Looking back, I’m not sure it was a good idea to wear it so young… but at the same time, I don’t know if a parent should discourage their daughter if she was that insistent?
It was 1991. Finsbury Park. North London. I was one of three Muslims in my class. The others were non-practicing. The first day I walked into school, wearing my white cotton scarf with pride, Jamie pulled it off. Abdessalaam, a Moroccan boy, teased me and told me that my hair had turned white and I looked like an old lady. This, was particularly crushing as I knew he was Muslim too, so I thought he would be more supportive. Abigail told me she would still be my friend, but she liked me more without my headscarf.
Over the past 29 years of wearing my hijab, there have been countless highs and lows. I’ve been teased, bullied, threatened in the streets. And back when there was no such thing as hijab styling or fashion, when we could only buy that triangular cloth edged with lace from Saudi or Islamic book shops, let’s face it, I looked pretty dire.
For years I wore regular clothes, even short sleeves. I just didn’t know anything better. No one apart from my sister wore it. I do see why having role models and hijab inspirations is important to young people. I would have given ANYTHING to see someone in hijab on TV, or on a poster, or on the Internet. It would have made me feel less like an alien. Even a hijabi friend would have helped, but I didn’t make any until I was fifteen.

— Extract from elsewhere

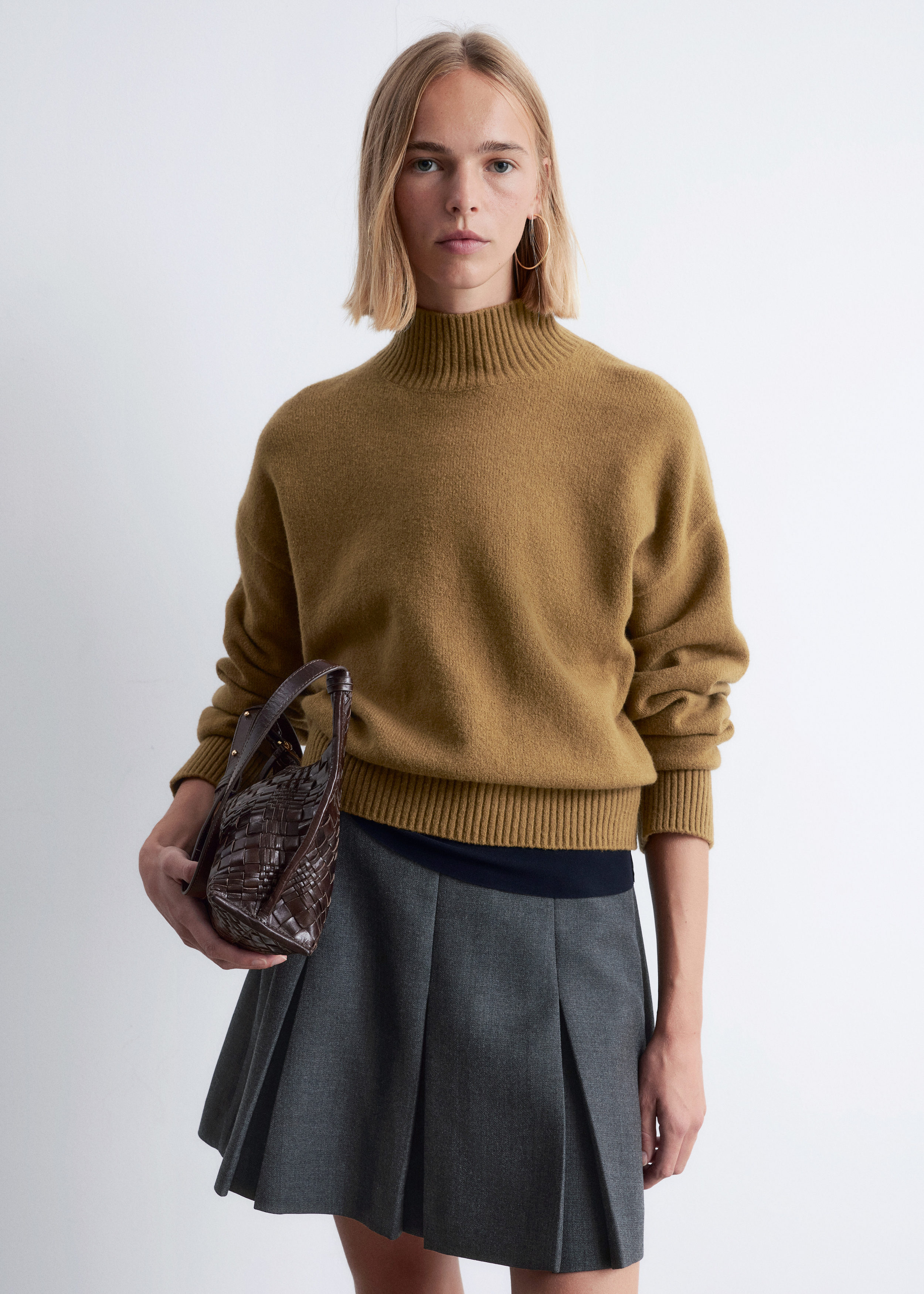 Pleated Wool Mini Skirt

One advantage of wearing it so young has been that it has become such a part of me that I no longer know where my hijab ends and I begin. It’s my second skin, my shield, a huge part of my identity. I can’t imagine living without it.
And cons of wearing it so young – it wasn’t until I was 17/18 years-old that I actually understood the true meaning of hijab. That it wasn’t just a scarf to make Allah happy, that we had to be modest in other ways as well.

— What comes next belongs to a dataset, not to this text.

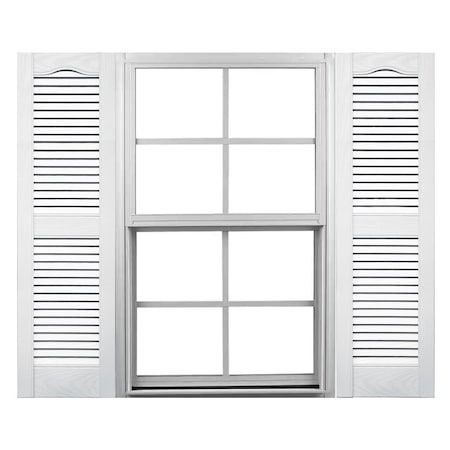 Ekena Millwork Mid-America Vinyl, Standard Size Cathedral Top Center Mullion, Open Louver Shutter, 11460001, PR 00011460001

Of course, there have been moments when I’ve become weak in my convictions and I’ve wanted to remove it. Sometimes I just wanted to be anonymous on the streets instead of a target, especially after 7/7 and 9/11. Sometimes the pressure of representing all the time was overwhelming. Sometimes I just wanted to look pretty. Sometimes I just wanted to fit in.
The sad thing is, it wasn’t just strangers who commented on my scarf, it was relatives as well. All our cousins in Bangladesh thought we were backwards. Aunties and grannies used to tell me to take it off so I would look prettier or younger. They even wondered how we would ever manage to find decent husbands!
I was so shocked when I moved to Dubai and found that wearing really short skirts or having your cleavage out was considered socially and culturally acceptable amongst Muslims there, and you would often see Muslim women in revealing clothes out and about with their family. This also had an influence on me – and I wondered if my ideas of what hijab meant were too traditional? Maybe having a good heart and good manners enough – and it didn’t matter if you didn’t cover?
When I got married to an Arab, I was told my in-laws would find me ugly because they were white and I was dark. I was so different to them that my insecurities reared their ugly heads. But by this time, I’d been wearing it so long I wouldn’t even have considered taking it off.
Over nearly 30 years of hijab, I’ve seen it go into fashion and out of fashion. I’ve seen people wear it, take it off, wear it again. I’ve seen people who used to wear hijab and abaya, take it off first and then even leave Islam. I even wore abaya religiously at one point- and if I’m honest, my imaan was stronger then.
And honestly, when someone takes it off, I do feel sad. Because l don’t believe that hijab has no correlation to imaan. No, it doesn’t define your faith, not wearing it doesn’t make you a bad Muslim, it’s not the sixth pillar of Islam. People who wear hijab can do bad things. But putting it on every single day in a non-Muslim country, IS a challenge, and saying that it means nothing, or isn’t a big deal, puts down the struggles that we, hijabi women, go through every day.
I’m back in the UK now and I’m lucky to live in London which is hugely diverse. But even then, I still encounter racism and Islamophobia regularly. Recent, whilst in South Kensington, a random white man pushing a buggy with a child in it, shouted “F*** Palestine” at me. It hit me like a slap in the face, but what saddened me was that the man was with a child. Was this the sort of language and rhetoric it would grow up hearing?
People like that man only make my convictions even stronger. If I was doubting my hijab and the massive responsibility it entails, then encounters like that make my resolute firmer. Because I would never remove my clothes and dilute my identity just to make other people more comfortable with the way I look.